Task — In the data below, repeat the line containing "[인사행정] 공무원의 동기부여 방안-8" and every following line exactly, up to and including the last line. Exclude pictures.

Data shown —
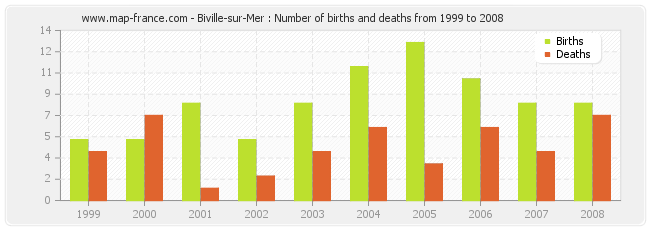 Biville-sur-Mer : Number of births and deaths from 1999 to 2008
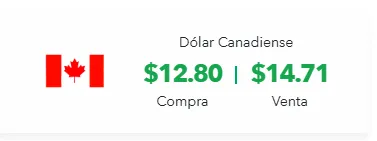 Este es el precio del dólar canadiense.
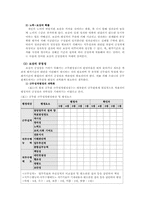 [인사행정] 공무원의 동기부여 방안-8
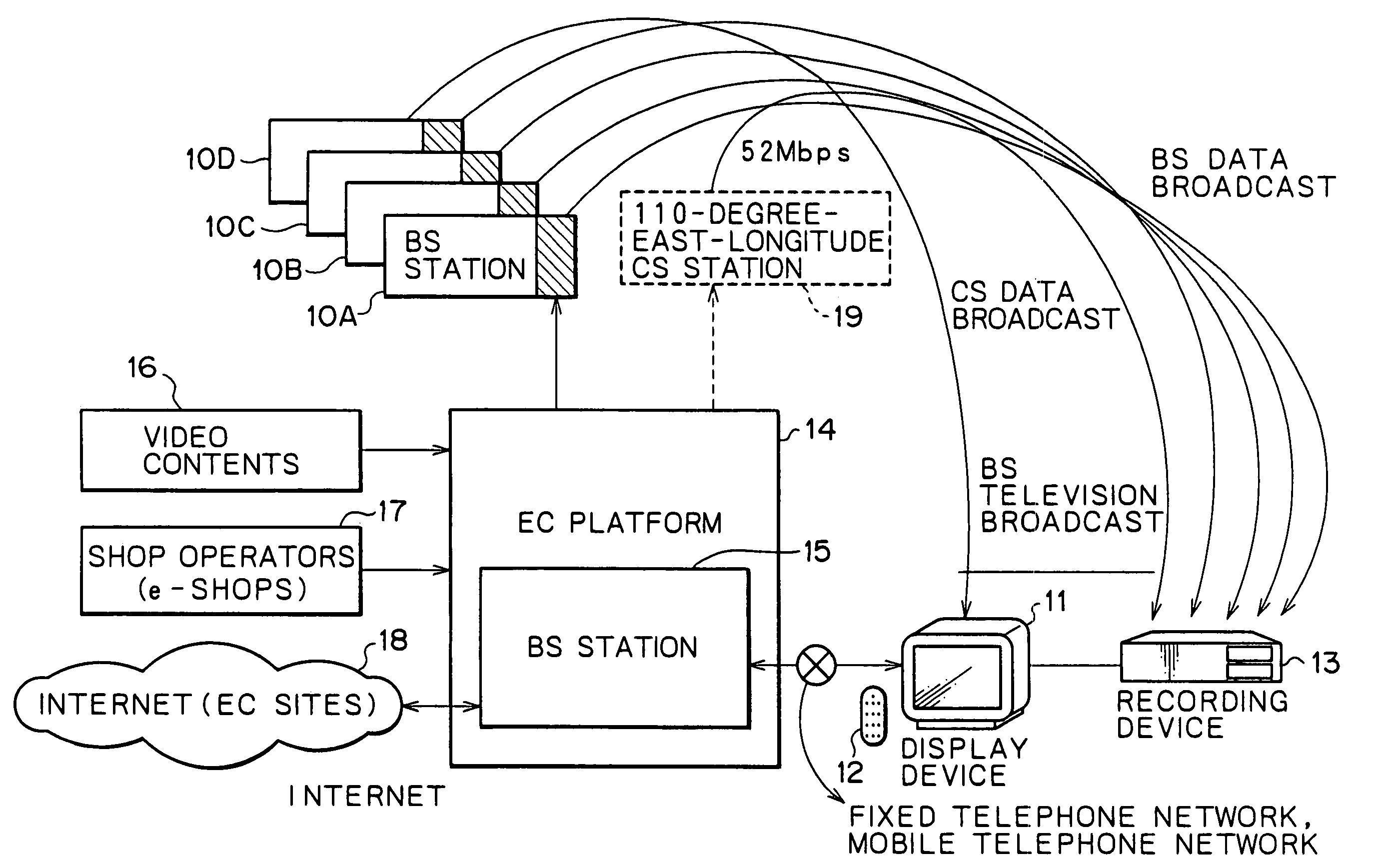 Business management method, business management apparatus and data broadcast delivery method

Answer below —
 [인사행정] 공무원의 동기부여 방안-8
 Business management method, business management apparatus and data broadcast delivery method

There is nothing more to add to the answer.